Most of our short return was generated the oldfashioned way, with diversified bets against overhyped stories told by people to whom you would be ill-advised to lend your bicycle, let along your savings. Shorts worked generally for Bronte in 2015, especially in the back half of the year. Our longs however were problematic. Herbalife was a good stock in 2015 but mostly in the first half of the year – and even then it did not recover its losses from 2014.

Only a few of our longs other than that made money at all. This doesn’t surprise us. Markets started the year expensive and remain expensive. It was hard to make money on longs in 2015. Two things worked in longs and for the most part we did neither of them. These were US stocks where the earnings and particularly revenue momentum continuously surprised on the upside (especially “FANG” stocks) and long European stocks with the currency hedged back to US dollars.

Let’s take them in order. Momentum revenue stocks have worked almost regardless of valuation. FANG – an acronym for Facebook, Amazon, Netflix and Google – have been the standouts, and we had only one small position in Google (a position we have held since 2011). We are not proud to own it even though it has done well – and we have been progressively selling it on the way up. Here is a rough-sort-of-calculation on Facebook and Google which shows how richly valued they are.

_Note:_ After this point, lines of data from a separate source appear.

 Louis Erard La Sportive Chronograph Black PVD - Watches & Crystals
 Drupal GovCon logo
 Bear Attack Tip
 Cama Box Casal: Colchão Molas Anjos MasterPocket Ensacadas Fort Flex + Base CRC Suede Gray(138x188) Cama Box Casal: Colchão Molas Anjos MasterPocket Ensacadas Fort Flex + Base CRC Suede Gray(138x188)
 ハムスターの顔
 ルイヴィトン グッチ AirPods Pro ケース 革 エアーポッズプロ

1. Global GDP is roughly $77 trillion USD,

2. The highest advertising spend in the world as a proportion of GDP is the USA at about 1.3 percent. Most the rest of the world is below 1% and usually a fair bit below 1%.

3. Suppose that the whole world gets a reasonable developed country level of advertising spend – say 1 percent of GDP. Global spend is 1.0 percent of 77 trillion dollars is 770 billion dollars. This is enormously generous.

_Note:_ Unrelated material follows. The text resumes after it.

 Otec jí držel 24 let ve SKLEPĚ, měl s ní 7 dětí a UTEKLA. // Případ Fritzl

4. Suppose – and this is also enormously generous – that Facebook and Google get to be 30 percent of this or $231 billion in advertising spend. (This is over three times current revenue.) 5. Suppose – and this is more reasonable – that having achieved global domination their pre-tax margin is 40 percent. (Google is running about 25 percent these days…) Then the pre-tax earnings would be $92 billion.

6. Suppose (and this is a little harsh) that they actually have to pay 30 percent tax on this. Then the post-tax earnings would be about $65 billion.

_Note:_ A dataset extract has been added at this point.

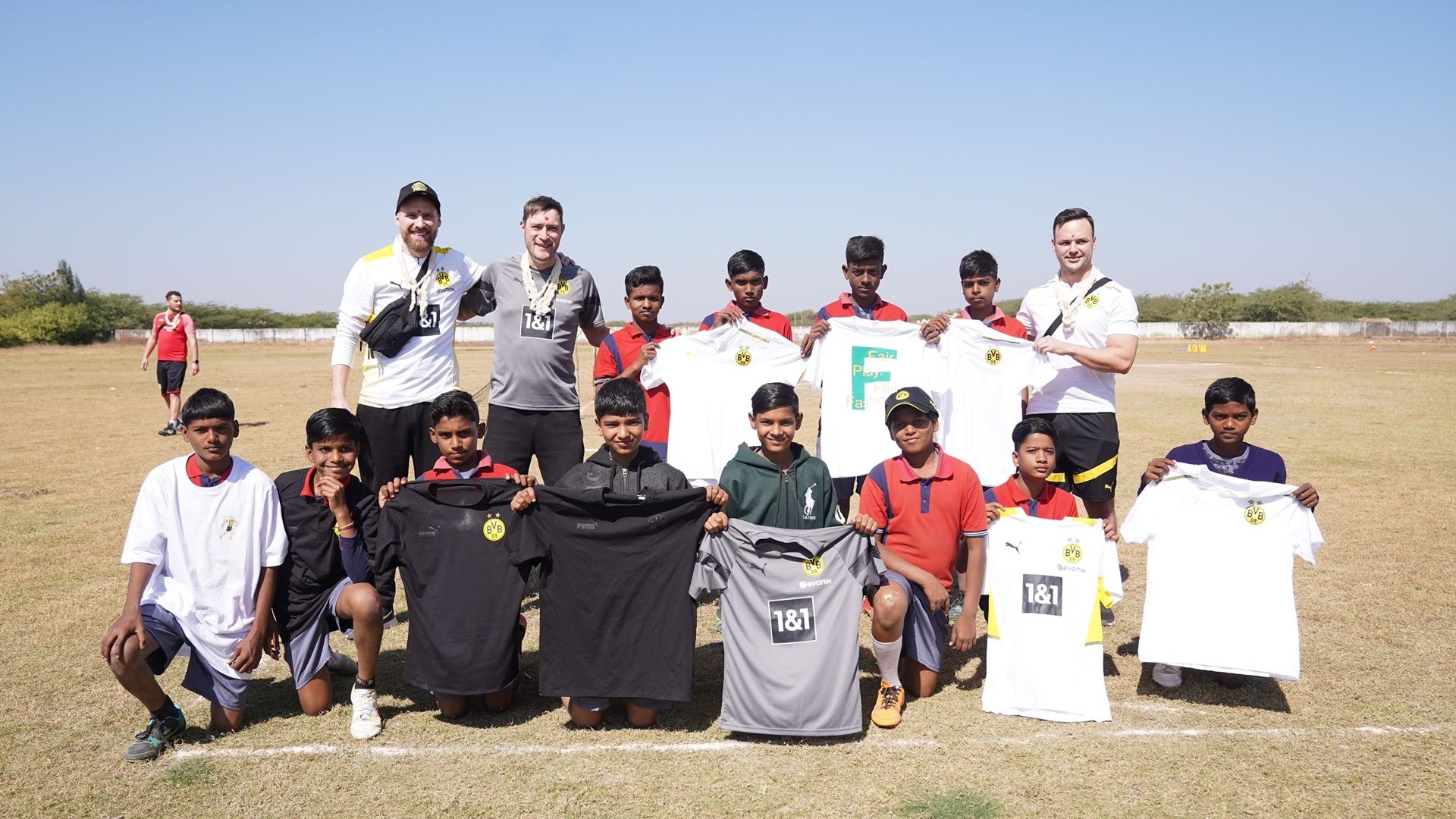 Borussia Dortmund in India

7. Now suppose that you want to put that on 15 times absolutely terminal earnings assuming everything goes right. The valuation should be $970 billion dollars.

Well the combined market cap of Google and Facebook is about $780 billion. If everything goes right for them then you should get – from here – a reasonable return. But the world is complicated and plenty of things can go wrong. The most expensive momentum stocks in the world are priced – if not for perfection – but for a rosy scenario. Whilst we have been trimming our Google position as it rose, we don’t feel compelled to sell it entirely, as alternatives are similarly expensive or more challenged.

The other thing that worked in 2015 was European stocks IF you hedged the Euro exposure back to USD. We observed in our last letter that HEDJ – an ETF that did precisely that – was an unusually consensus and risky investment. And so it has turned out to be in the New Year. We have seen plenty of great returns this year based on this trade. We think 2016 will be more problematic. With only a few days in 2016 under our belt, we still see many attractive short opportunities in a market that is not yet substantially cheaper. And though we’ve still got a ways to go before valuations have us buying longs with gusto, our “watchlist” is slowly stirring from its extended hibernation. Opportunities are emerging and in the meantime our long / short positioning provides us with significantly greater asset protection than high beta momentum chasers. Moreover, the Australian dollar bounced heavily at year end and so the recent return of the currency’s decline has been beneficial.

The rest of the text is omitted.